_Information shown_
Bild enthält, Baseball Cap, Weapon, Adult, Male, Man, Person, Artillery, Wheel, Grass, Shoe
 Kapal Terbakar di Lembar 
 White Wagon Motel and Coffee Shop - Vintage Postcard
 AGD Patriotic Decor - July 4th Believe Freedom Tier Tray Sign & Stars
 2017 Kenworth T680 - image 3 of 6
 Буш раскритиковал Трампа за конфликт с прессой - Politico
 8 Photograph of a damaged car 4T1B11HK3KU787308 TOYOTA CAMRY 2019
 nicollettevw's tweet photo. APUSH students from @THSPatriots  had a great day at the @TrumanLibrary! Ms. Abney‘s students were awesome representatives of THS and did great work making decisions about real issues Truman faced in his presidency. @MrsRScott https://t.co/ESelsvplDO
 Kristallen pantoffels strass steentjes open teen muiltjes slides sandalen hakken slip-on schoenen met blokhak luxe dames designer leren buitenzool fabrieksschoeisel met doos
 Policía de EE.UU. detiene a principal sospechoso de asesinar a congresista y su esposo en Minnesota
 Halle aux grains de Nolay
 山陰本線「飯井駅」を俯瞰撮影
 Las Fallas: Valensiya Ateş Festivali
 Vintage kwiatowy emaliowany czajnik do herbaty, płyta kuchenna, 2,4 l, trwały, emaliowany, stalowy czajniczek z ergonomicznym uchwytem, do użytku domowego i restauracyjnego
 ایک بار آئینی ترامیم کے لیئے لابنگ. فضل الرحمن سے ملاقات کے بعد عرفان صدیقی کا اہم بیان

_Work instructions_
Match on "Vintage" and copy out every line of the entries that contains it.

_Reply_
 White Wagon Motel and Coffee Shop - Vintage Postcard
 Vintage kwiatowy emaliowany czajnik do herbaty, płyta kuchenna, 2,4 l, trwały, emaliowany, stalowy czajniczek z ergonomicznym uchwytem, do użytku domowego i restauracyjnego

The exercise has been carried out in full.